Mobile App Retargeting Basics
Lots of people have been asking questions about the ins and outs of mobile app retargeting, remarketing and re-engagement. This short explanation is designed to help clarify some of the basic questions people have about this important and fast-growing marketing tactic.
Mobile App Retargeting in Plain English
Mobile app marketing is undergoing a major shift – from focusing primarily on driving app installs, to something that matters even more – turning those installs into engaged and profitable users.
You’ve heard the stats by now – many installed apps are used only once. It didn’t take long for some businesses to figure out that marketing to users after the install was just as important as driving the initial installs – in many cases even more important. And today, thanks to technology advances in in-app attribution and device targeting, app marketers are now retargeting users of every flavor – from their most loyal shoppers to dormant users – with tailored messages that bring them back to the app and drive real business.
Mobile retargeting is a form of advertising that lets mobile app marketers send relevant messages to their customers while they are using other mobile apps or mobile websites. The user sees the ad, clicks on it, and gets directed to the advertiser’s app, sometimes to a specific section or deep link. Some app marketers are starting to put as much emphasis on retargeting as on driving installs, due to its high ROI. Rather than paying several dollars to acquire a new potential user, marketers can spend of fraction of that to re-activate lapsed users, increase conversions, and grow users’ lifetime value.

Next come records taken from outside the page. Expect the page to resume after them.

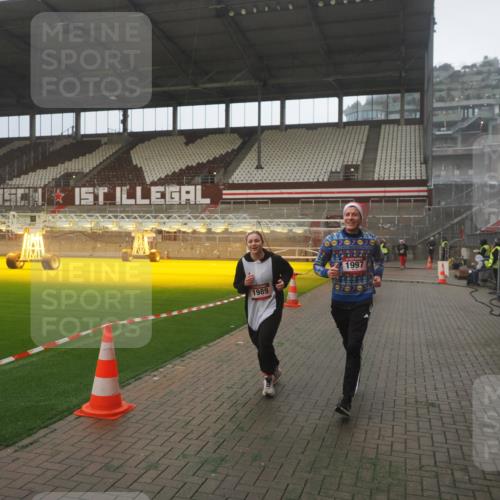 07.12.2025 - St. Pauli X-Mass-Run No. 15 Fabian Wolf http://msf.ph/oto/9365829 07.12.2025 10:16:52 Ziel 1620, 1989, 1997, 3633, 4356, 4359, 4769 meine-sportfotos.de
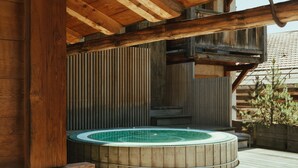 A wooden deck with a hot tub. - Hotel Chalet Les Saytels, BW Signature Collection (Le Grand-Bornand)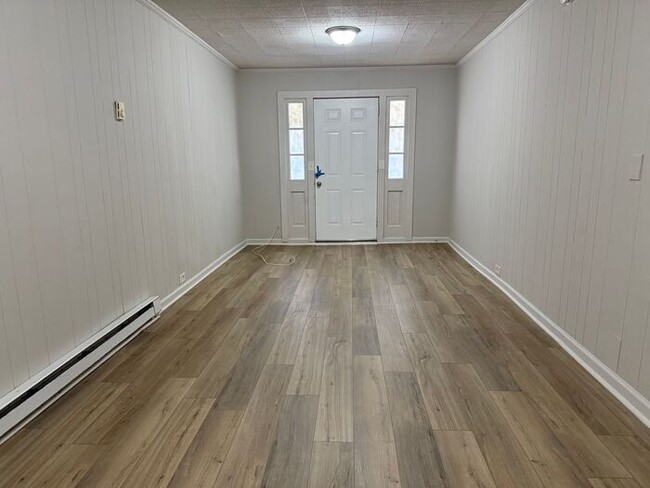 Building Photo - Renovated 4 Bedroom Duplex Unit in South Nashville - Pet Friendly!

In fact, Apsalar just introduced a feature called SmartTags that makes remarketing even easier by enabling a brand to use one tag to redirect people to up to five different locations based upon their install status.
Mobile retargeting enables you to drive engagement across the entire app usage lifecycle. You can define user segments and display targeted ads to each segment, encouraging them to return to your app and ultimately convert into buyers. Whether it’s re-engaging inactive users or driving repeat sales from your best shoppers, retargeting is a versatile strategy that can help you achieve a range of sales and marketing goals.
Here are some examples of marketing goals and how you can use retargeting to achieve them:
Prod inactive users: Remind them with ads that bring them back to your app to drive ongoing engagement.
Upsell active users: Promote premium services, app updates or new apps.
Remonetize recent buyers: Message to sell them related items.
Heavy shoppers: Drive repeat sales or actions; cross-promote new products.
Users about to purchase: Find users who have added items to carts and reconnect with them before they purchase elsewhere.
Rectify incomplete conversions: Bring back users to complete an action, such as a tutorial or registration.
Segment target lists to develop messages for like users: Develop ad creative for each user segment.
Deliver campaigns via real-time bidding exchanges: User sees your retargeting ad in other apps or on the mobile web. User clicks the ad and returns to your mobile app.
The more detailed the users’ in-app engagement data, the more specific the retargeting ads can be, allowing you to tailor ads to users in different stages of the purchase funnel. The most effective retargeting programs leverage an analytics solution that tracks all post-install behaviors, not just one event type. This
provides you with more targeting options for each user, and also allows you to create larger, more sophisticated user segments (groups of users with similar attributes) that update as users take action to enter and leave the cohort.
Take a Strategic Approach
An effective retargeting strategy begins with an analysis of user attributes and segment users based on the action you would like them to take. Using variables such as how recently they used the app, products they’ve purchased or viewed, or subscription status, build user cohorts that eligible to take an action that is valuable to your business. Once you have defined goal-based user segments, you can create unique ads that are relevant to each cohort and the business objective you’d like them to achieve.